Dans la décennie suivante, Marie-France Garaud est plutôt aimable avec le président Mitterrand, qui la reçoit deux fois à l’Élysée. Entre l’étatisme gaullien et l’étatisme socialiste, il pouvait y avoir quelques convergences. Jusque 1992 : avec Villiers, Pasqua et Seguin, elle prend la tête du combat contre Maastricht. Le terme « souverainisme » n’existe pas encore (c’est quand la souveraineté s’en est allée qu’il a fallu mettre le mot). En 1996, elle débat sur le service public, contre son amie Simone Weil et Jacques Attali, aux côtés de Jean-Pierre Chevènement. L’esquisse d’une reconfiguration de la vie politique autour d’un affrontement entre souverainistes et euro-fédéralistes ? Finalement, personne n’ose vraiment franchir le Rubicon. Le clivage droite-gauche n’explosera qu’en 2017, au profit d’un antagonisme entre élitisme et populisme – une version un peu bas de gamme du débat des années 90. L’ancien maire de Belfort, autre conscrit de Maastricht, a salué lui aussi Marie-France Garaud, dans un style plus ou moins fluide : « La mort de Marie-France Garaud ranime la nostalgie d’une droite nationale et souverainiste dont l’un des enjeux de la période qui s’ouvre est de savoir quelle force pourra s’en saisir. »

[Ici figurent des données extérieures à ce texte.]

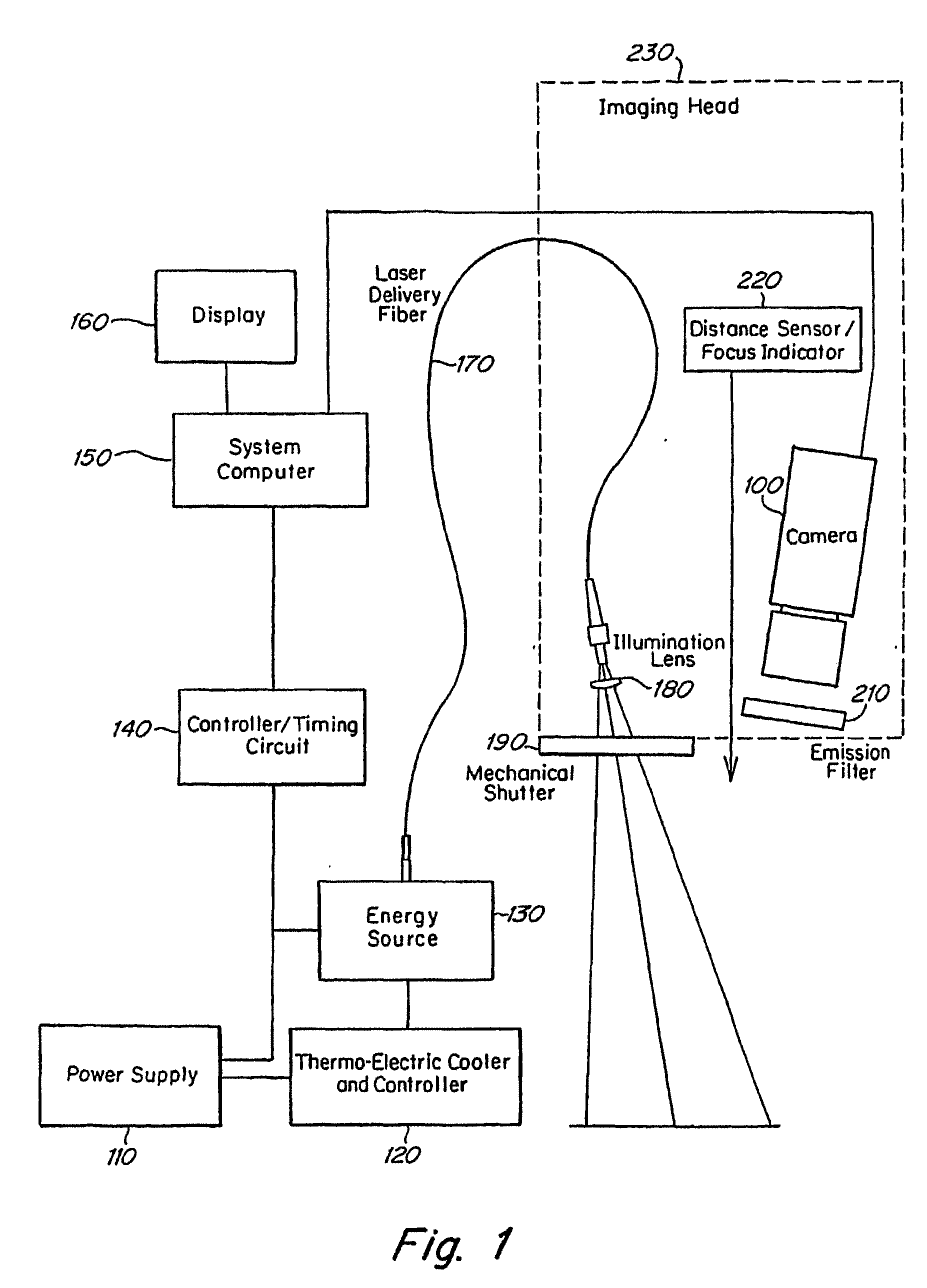 Real time imagining during solid organ transplant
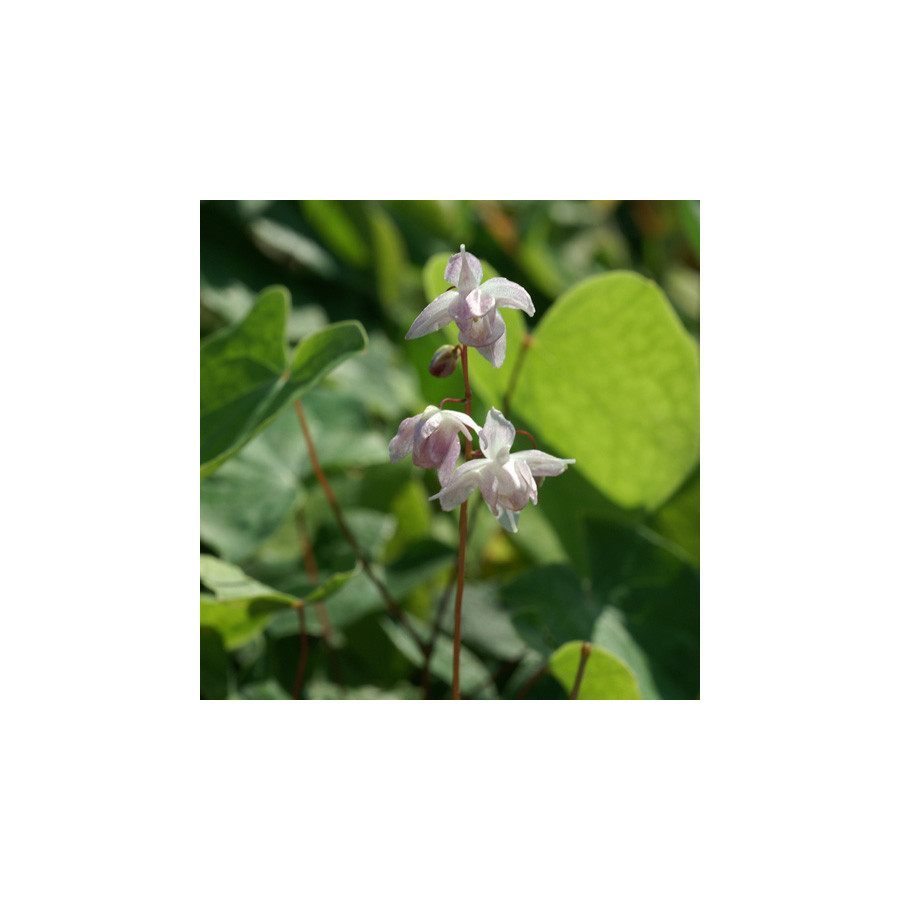 Plantes Vivaces EPIMEDIUM youngianum 'Roseum' - Fleur des Elfes en vente - Pépinière Lepage .
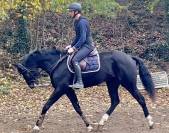 Superbe jument bwp de 7 ans +-1m70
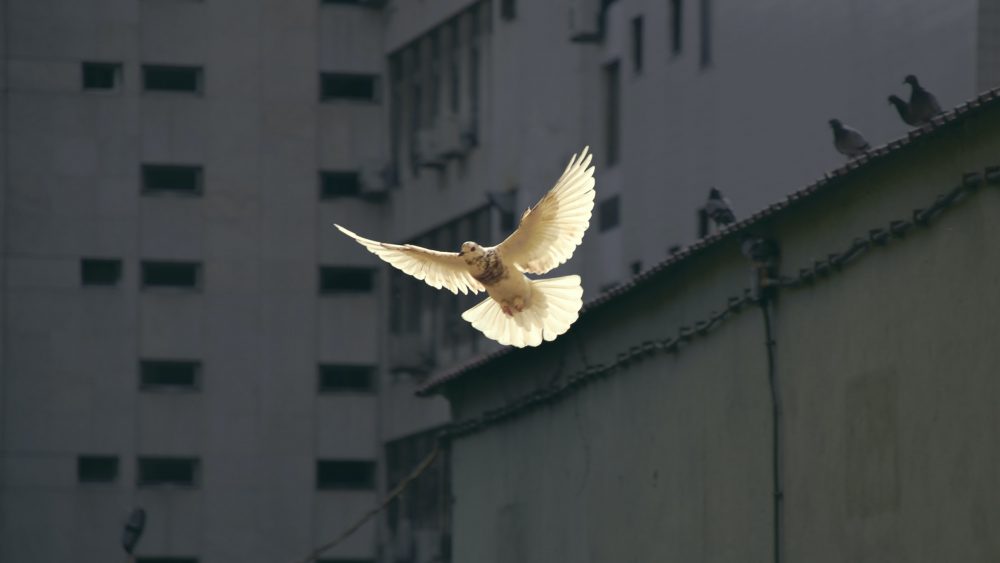 White dove flying in front of high-rise building. Photo.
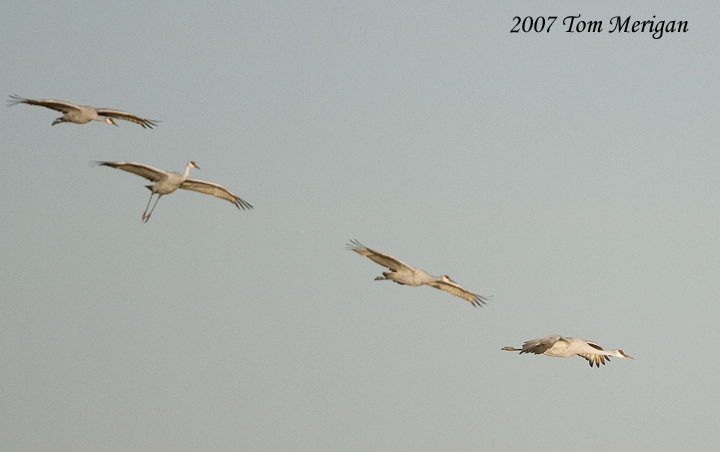 Sandhill cranes in flight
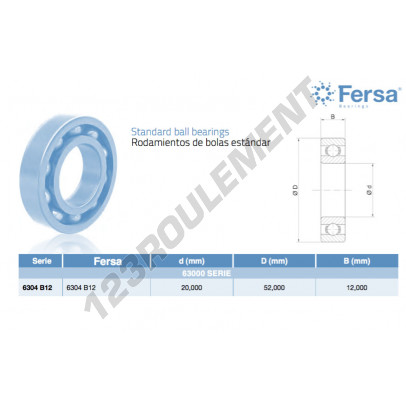 6304-B12-ASFERSA
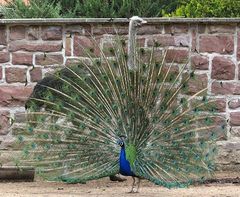 Einen Vogel mit zwei Köpfen :-)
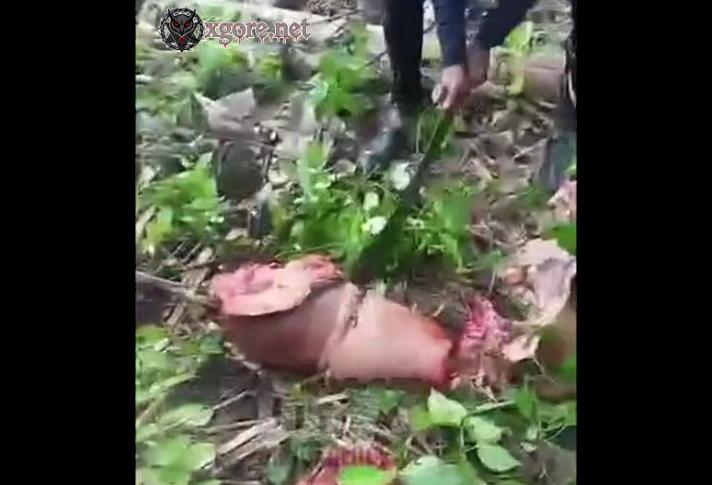 The man was dismembered in the forest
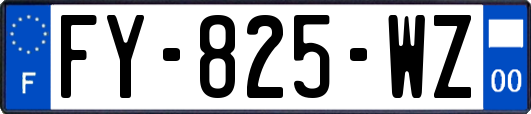 FY-825-WZ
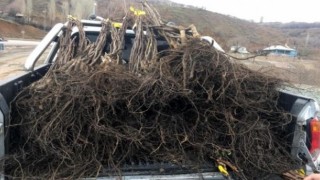 Hakkaride meyve fidanı dağıtımı yapılacak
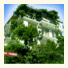 Santosa Pension photo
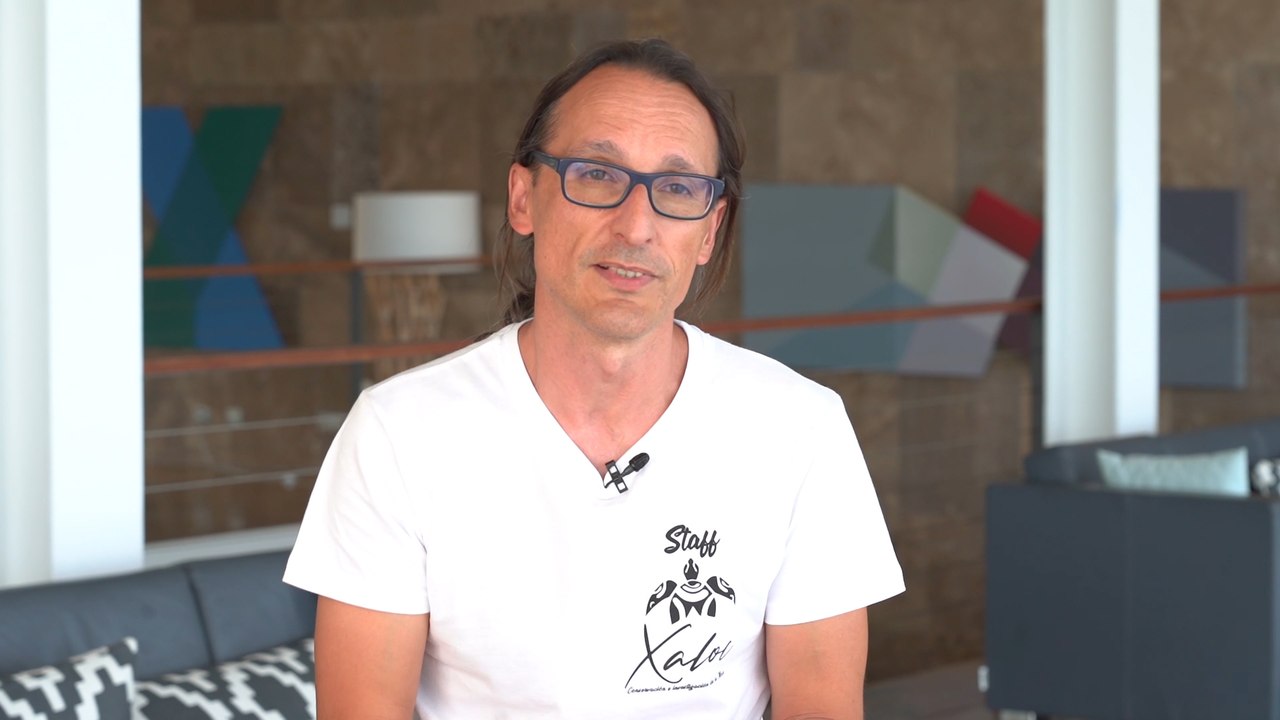 Gran parte de la tortugas del Parador de Saler serán devueltas al mar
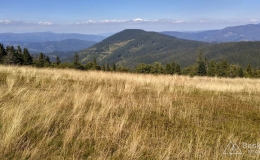 IMG_20160904_142257_HDR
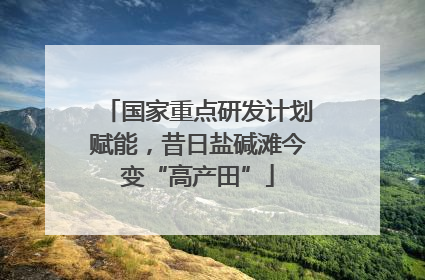 国家重点研发计划赋能，昔日盐碱滩今变“高产田”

Un flirt gâché par un camping-car

Marie-France Garaud passe cinq ans au Parlement de Strasbourg, de 1999 à 2004. Elle écrit et décrit dans Impostures politiques, en 2010 comment la cour de Karlsruhe a su maintenir la constitution allemande au-dessus des traités européens : avec un peu de courage, nos propres constitutionnalistes auraient pu en faire autant. Elle passe chez Frédéric Taddeï, où, citant Jean Bodin, elle explique que la France n’a plus vraiment d’État et n’est plus vraiment un État. Après dix années de chiraco-sarkozysme, elle est de nouveau tentée de flirter avec la gauche, et notamment avec Arnaud Montebourg, candidat aux primaires de 2011 et qui remet au goût du jour des thématiques productivistes et protectionnistes. En décembre 2011, face à Nathalie Kosciusko-Morizet elle termine, chez Yves Calvi, avec le député de Saône-et-Loire, les phrases du Général. La lune de miel avec la gauche de retour au pouvoir est bien courte. Un proche d’Arnaud Montebourg confie : « Un jour, elle m’appelle : « Vous avez-vu les photos de Jean-Marc Ayrault avec son camping-car ? Vous aussi vous avez un camping-car ? » Je lui ai dit que non mais le mal était fait ». Pour l’ancienne conseillère de Pompidou, c’était la faute de goût de trop.

Femme la plus puissante de la Vème République, d’après Sarah Knafo, elle n’a cependant été élue qu’une fois, en 1999, sur la liste Pasqua-Villiers. Alors que Margaret Thatcher s’apprêtait à botter les fesses des généraux argentins, elle obtenait un score famélique à la présidentielle. Dommage : elle aurait pu être une version à la française de la Première ministre britannique, c’est-à-dire en plus étatiste, et nous aurions pu adapter la chanson du groupe Notsensibles : I’m in love with Marie-France Garaud.